Zugegeben, "Sufferboy" macht es einem nicht leicht. Auf den ersten Blick (wohl auch aufgrund der Härte) ungewohnt sperrig und zerfahren, entwickelt sich das Album erst nach einigen Durchläufen zu einem wahren Koloss. Und wenn man erstmal durch die in typischer Clemmons-Manier angeschrägten und vor allem zeitgemäßen Riffmonster gegraben hat, die sich die drei Herren hier aus dem Ärmel schütteln, dann merkt man zum wiederholten Male, wie kriminell eigenständig diese Band eigentlich ist. Und hat damit wohl auch die Antwort auf die Frage gefunden, warum die Buben nicht schon längst drei, vier Stufen auf der Karriereleiter genommen haben. Ich für meinen Teil hätte gar nichts dagegen, wenn demnächst größere Hallen gebucht werden müssten...und "Sufferboy" könnte es ihnen eigentlich ganz leicht machen.

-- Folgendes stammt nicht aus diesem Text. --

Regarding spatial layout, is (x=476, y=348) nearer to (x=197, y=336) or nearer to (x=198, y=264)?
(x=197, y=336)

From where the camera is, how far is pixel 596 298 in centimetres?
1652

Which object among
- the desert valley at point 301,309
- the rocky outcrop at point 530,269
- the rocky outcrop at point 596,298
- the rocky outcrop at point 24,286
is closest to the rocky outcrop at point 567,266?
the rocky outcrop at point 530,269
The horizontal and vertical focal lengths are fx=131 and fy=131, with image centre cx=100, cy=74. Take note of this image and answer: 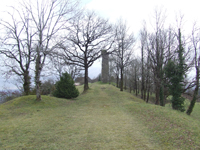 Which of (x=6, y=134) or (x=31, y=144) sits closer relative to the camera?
(x=31, y=144)

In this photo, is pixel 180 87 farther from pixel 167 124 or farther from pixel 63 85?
pixel 63 85

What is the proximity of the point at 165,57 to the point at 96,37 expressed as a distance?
10458mm

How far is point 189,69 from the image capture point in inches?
544

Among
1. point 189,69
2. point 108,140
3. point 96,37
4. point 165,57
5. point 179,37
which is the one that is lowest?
point 108,140

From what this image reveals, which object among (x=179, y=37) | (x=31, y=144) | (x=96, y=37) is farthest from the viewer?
(x=96, y=37)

"Sufferboy" von JUD ist im August 2008 auf Noisolution erschienen.

21.09.2008

[zensiert]



Wenn du völlig übernächtigt, mit einer überdimensonalen Unlust gesegnet, geradewegs elf Stunden auf einer staubig-verdreckten Fläche Welt stehst; wenn dieser September so kalt und ungemütlich ist, dass die November-Depression schon zwei Monate zu früh unter die Bettdecke kriecht; wenn deine Knochen und deine Muskeln, ach was: jede verdammte Faser, jede Zelle deines Körpers dir von innen in dein Gesicht brüllt, dass alles, was du jetzt noch willst ein Bad in heißem, mit "wertvoller Mandelmilch veredeltem" Wasser ist, damit du nach einer gefühlten Ewigkeit mal wieder eine Hauch von dem spürst, was dir jedes Medienarschloch als "Entspannung" vor die Füße rotzt; wenn du dich in einer solchen Stunde nicht von einem sozial und physisch verwahrlosten Singer/Songwriter-Trauermops vollspeien lassen willst und darüber hinaus sowieso der Meinung bist, dass die furchtbar revolutionäre künstlerische Innovation in Form von Ergänzung klassischer Komponenten in moderne Rock-/Pop-/Tanz-Musik der allerallerallergrößte Irrwegscheiß ist, der deinem Sinn für Ästhetik seit Äonen zugemutet wurde, dann ist "Genesis" von Hiroshi Watanabe eine Platte, die dir in bestimmten Lebensmomenten so gut tut wie "fingerdick Nutella auf frischem Kastenweißbrot" (J.Schliemann).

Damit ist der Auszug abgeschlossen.